Написав "Исцеление", Суриков впервые после многих бессонных ночей заснул глубоким здоровым сном. Снилось ему далекое сибирское детство: как летом носился по енисейским стремнинам, а зимой брал "снежные городки". И, проходя на черном коне сквозь снежную стену, всем сердцем, каждой клеточкой тела ощущал бешеную радость.
С этим новым чувством и отправился в Красноярск - к матери, брату. К вольным казакам. И к своей четвертой свече - "Взятию снежного городка". Эта единственная радостная картина художника символизировала его возвращение к своим истокам. Хлебнув сибирской силы и свежести, он снова становится казаком. И тогда появляется "Ермак".
Верный своему методу, Суриков ищет материал там, где он только и может быть: в 1891-м изъездил всю Сибирь; в 1892-м рванул на Дон, откуда когда-то пришел Ермак; в 1893-м забирается на самый север Сибири - рисовать остяков; в 1894-м плывет по Иртышу в Тобольск... Этюдный материал, собранный им за эти годы, поистине громаден. И хотя "Покорение Сибири Ермаком" уже не прозрение художника-ясновидца, картина являет собой мощный историко-живописный пласт.
Впрочем... Это и прощание с сибирским казачеством. Ибо в дни, когда Суриков выставил в Москве "Ермака", умерла мать живописца - его первая и вечная любовь. Смерть матери как бы срезала в тайниках суриковского творчества корень, связывающий художника со своим родом. Все, что он еще напишет, будет уже вне памяти крови и рода. Последующие "Суворов" и "Стенька" - картины, сделанные исключительно мастерством.
Незадолго до смерти Суриков так определит свое творчество: "Стрельцов", "Меншикова" и "Морозову" - не мог не написать; "Снежный городок" и "Ермака" смог написать; "Суворова" мог не писать; "Стеньку" так и не смог..." И это правда.

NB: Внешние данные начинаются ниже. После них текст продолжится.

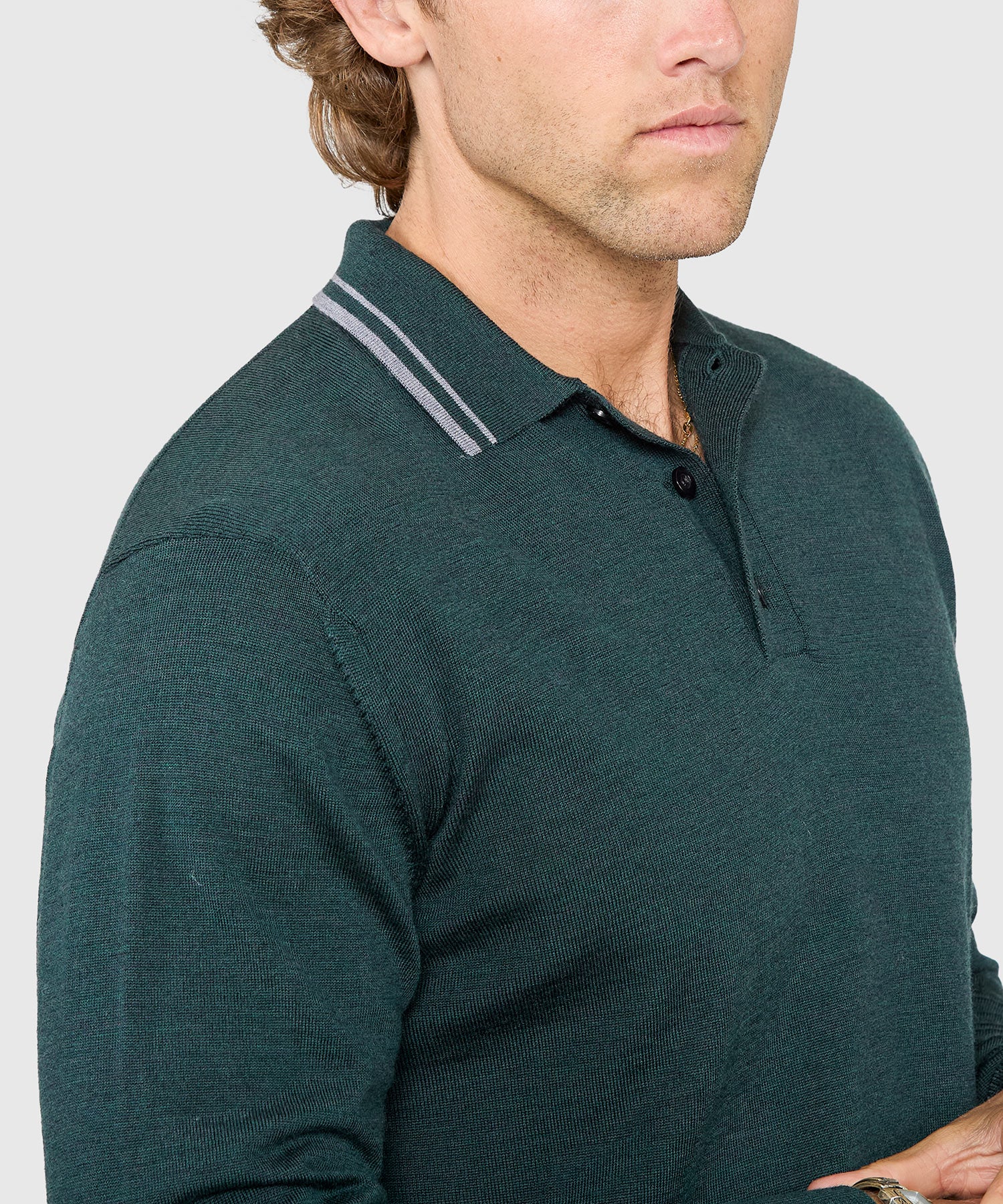 Westport Black Long Sleeve Retro Tipped Merino Polo - Image 13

Двенадцать лет искал художник среди казаков "голову" Разина, да так и выставил картину, по собственному признанию, - "без того Стеньки". И только в 1910-м, когда картина была уже продана, Провидение вновь, на мгновение, коснулось Сурикова своим крылом - вывело его на подлинный персонаж. Этот замечательный этюд, сделанный тушью, висел на недавней юбилейной выставке в Третьяковке. Вроде бы тот же Разин, что и на картине. И... Совсем другой. А всего-то несколько гениальных штрихов: глаза выпуклее, веки тяжелее, рот грубее, напряженнее мускулы щек...

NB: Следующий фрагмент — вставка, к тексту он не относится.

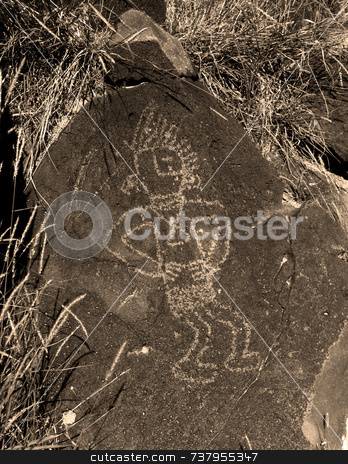 To use this stock image in your creative project, please select the size you need over to the right and click the "Add to Cart" button.
Your downloaded image will come with the Cutcaster watermark removed so don’t worry about the watermark you see on this page. Petroglyph stock photo, A petroglyph, of a Dancing Indian, in Petroglyph National Monument located in Albuquerque, New Mexico. by Mike Norton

Отчего же гаснет звучный и мощный голос живописца - голос, который в первой своей, трагической, трилогии потряс всю Россию? Думается, это началось после смерти жены. При ее жизни и по мере ее угасания художник поднимал значение женщины и женского мира в каждой своей работе. В "Стрельцах" женщина Сурикова еще второстепенна. В "Меншикове" - вырастает до уровня главного героя. А нестерпимое сияние лика Морозовой пронизывает уже всю картину и всякого, кто видит ее.
Лишившись постоянного присутствия родной женской души, художник пишет только героические картины. Он входит в мужскую стихию, играет удальством живущего в нем казака. Но... Эта "мужская игра" не орошается влажной женской стихией - и свечи Сурикова стали гаснуть. Лишь перед самой смертью он как бы опомнился. В последней своей картине "Посещение царевной женского монастыря" нет ни одного мужского лица!
Поздно...

Эпилог


"Среднего роста, широкоплечий, с густой шапкой русых, с проседью, в скобку подстриженных волос" - таким увидел Василия Ивановича Сурикова в январе 1913 года известный поэт, художник и критик Максимилиан Волошин. "Скован он был крепко - по-северному, по-казацки. Лицо само разлагалось на широкие, четкие, хорошо определенные планы. Морщины глубокие, резкие, но не слишком заметные на плотной, свежей, сибирскими морозами дубленой коже..."
К героям своих картин Суриков относился совершенно как к живым. Про страшного своего Петра из "Стрельцов" нежно говорил: "Люблю Петруху!" В другой раз просто огорошивал: "А Иоанна-то Грозного я раз видел - настоящего, в Москве, на Зубовском бульваре". Про старых мастеров, вещи которых повидал в поездках по Италии и Испании, рассказывал с упоением: "Видели черно-малиновые мантии у Тинторетто? Кисть у него так и свистит!"
Да и сам Суриков как художник ни на кого в мире не был похож. Замечательно сказал о нем тот же Волошин: "Шел он своей "волчьей" тропой и охотился в одиночку".
6 марта 1916 года кончилась эта большая суриковская "охота".
У гроба художника горели семь свечей.